Verluste auf dem Finanzsektor

Es ist natürlich folgerichtig besonders die Finanzwelt, die die Auswirkungen der Krise nach wie vor am meisten zu spüren bekommt. Das liegt unter anderem an den zum Teil deutlichen Einbrüchen der Aktienkurse, die die Banken im Zuge von Finanzkrise und Niedrigzinspolitik zu verzeichnen hatten. Die dauerhaft tiefen Zinssätze machen es darüber hinaus schwer, die Kursverluste aufzufangen – die Schwankungen an den Finanzmärkten sorgen immer wieder für unliebsame Überraschungen, dazu kommen politische und wirtschaftliche Ereignisse mit globalen Folgen.

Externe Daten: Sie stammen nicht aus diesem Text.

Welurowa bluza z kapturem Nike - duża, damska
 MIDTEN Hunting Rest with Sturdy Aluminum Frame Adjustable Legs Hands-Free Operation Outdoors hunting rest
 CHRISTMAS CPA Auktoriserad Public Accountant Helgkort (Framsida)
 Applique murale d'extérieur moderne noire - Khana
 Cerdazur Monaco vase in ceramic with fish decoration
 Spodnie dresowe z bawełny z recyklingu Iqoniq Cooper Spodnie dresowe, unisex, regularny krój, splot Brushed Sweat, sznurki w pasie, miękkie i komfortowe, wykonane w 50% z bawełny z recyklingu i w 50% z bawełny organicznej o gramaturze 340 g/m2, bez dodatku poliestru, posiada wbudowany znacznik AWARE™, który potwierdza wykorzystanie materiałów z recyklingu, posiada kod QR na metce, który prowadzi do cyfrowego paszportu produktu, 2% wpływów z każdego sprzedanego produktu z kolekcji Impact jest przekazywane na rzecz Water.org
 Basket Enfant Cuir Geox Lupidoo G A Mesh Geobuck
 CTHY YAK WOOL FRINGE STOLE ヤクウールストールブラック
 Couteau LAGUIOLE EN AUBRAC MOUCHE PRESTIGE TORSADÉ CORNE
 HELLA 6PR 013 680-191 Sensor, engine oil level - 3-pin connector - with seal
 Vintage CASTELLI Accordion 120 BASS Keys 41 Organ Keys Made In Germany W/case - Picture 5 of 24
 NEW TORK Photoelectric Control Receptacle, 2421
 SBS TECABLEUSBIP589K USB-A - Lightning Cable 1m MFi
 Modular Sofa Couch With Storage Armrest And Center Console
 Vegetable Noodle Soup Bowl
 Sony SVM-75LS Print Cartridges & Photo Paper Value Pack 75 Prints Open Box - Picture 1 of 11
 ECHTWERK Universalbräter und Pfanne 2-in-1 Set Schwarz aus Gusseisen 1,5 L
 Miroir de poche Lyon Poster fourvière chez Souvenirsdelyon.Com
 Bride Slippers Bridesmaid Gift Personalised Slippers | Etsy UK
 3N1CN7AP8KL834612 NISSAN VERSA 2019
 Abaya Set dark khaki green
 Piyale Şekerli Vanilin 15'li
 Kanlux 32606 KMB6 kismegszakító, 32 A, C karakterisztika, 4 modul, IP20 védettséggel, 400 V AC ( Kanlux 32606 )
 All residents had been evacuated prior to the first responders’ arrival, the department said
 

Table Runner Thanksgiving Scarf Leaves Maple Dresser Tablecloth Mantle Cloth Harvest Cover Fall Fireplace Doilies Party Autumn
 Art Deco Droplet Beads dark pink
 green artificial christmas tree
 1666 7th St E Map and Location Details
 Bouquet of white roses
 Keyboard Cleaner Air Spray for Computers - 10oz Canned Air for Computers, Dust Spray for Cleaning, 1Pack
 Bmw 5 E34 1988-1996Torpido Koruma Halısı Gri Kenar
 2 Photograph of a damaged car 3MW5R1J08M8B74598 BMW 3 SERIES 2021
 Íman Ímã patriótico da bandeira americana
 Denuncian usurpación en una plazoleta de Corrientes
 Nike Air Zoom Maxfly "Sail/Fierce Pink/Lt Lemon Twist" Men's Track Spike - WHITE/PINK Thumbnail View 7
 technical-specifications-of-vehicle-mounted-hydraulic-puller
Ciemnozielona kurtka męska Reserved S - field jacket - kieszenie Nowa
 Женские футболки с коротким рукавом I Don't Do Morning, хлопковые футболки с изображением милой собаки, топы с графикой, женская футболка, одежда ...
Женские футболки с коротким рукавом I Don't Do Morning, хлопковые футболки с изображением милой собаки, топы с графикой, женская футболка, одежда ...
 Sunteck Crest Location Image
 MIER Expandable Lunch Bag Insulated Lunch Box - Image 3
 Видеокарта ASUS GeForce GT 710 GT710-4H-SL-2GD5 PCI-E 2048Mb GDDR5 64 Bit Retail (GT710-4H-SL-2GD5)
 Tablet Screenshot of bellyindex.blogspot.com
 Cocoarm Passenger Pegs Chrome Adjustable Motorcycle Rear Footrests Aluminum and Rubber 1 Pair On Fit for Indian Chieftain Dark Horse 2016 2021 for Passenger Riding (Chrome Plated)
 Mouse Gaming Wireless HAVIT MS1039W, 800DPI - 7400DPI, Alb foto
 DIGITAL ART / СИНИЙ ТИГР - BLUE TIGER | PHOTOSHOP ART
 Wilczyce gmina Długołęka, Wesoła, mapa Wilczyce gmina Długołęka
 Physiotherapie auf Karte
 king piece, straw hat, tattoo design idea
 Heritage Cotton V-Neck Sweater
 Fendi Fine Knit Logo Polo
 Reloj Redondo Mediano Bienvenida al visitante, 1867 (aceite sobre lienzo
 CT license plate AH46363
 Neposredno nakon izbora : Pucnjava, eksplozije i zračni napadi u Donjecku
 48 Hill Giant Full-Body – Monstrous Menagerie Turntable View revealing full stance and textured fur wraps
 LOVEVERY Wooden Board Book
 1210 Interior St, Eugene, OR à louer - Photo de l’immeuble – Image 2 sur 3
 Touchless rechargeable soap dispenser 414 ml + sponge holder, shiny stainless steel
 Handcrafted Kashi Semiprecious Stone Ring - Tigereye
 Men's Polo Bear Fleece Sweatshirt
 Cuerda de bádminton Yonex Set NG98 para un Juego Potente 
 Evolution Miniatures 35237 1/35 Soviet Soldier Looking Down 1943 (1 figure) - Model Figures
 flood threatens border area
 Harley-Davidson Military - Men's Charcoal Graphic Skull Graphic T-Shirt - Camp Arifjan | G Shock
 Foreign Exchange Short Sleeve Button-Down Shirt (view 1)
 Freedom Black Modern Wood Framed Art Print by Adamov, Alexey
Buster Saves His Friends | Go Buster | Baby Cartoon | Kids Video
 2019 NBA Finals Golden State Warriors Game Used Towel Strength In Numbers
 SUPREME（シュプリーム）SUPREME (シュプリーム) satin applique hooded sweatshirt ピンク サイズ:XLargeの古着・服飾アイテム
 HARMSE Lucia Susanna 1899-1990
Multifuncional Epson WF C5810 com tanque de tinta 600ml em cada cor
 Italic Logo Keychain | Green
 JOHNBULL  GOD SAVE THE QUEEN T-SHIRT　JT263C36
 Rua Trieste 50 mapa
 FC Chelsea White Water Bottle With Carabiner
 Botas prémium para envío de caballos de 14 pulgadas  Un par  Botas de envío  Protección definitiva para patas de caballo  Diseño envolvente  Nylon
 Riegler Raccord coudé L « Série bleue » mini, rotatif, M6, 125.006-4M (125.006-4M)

Die gute Nachricht in dieser Hinsicht: Im Vergleich sieht es für die Schweizer Banken offenbar nicht so finster aus. In Anbetracht der Bedeutung des Bankensektors für die nationale Wirtschaftsleistung ist es eine Erleichterung, dass die Banken auch mit den unvorteilhaften politischen und wirtschaftlichen Gegebenheiten zurechtkommen. Der Finanzsektor präsentiert sich, rückblickend auf das Jahr 2015, insgesamt solide und in vielen Bereichen auf dem Niveau der Vorjahre.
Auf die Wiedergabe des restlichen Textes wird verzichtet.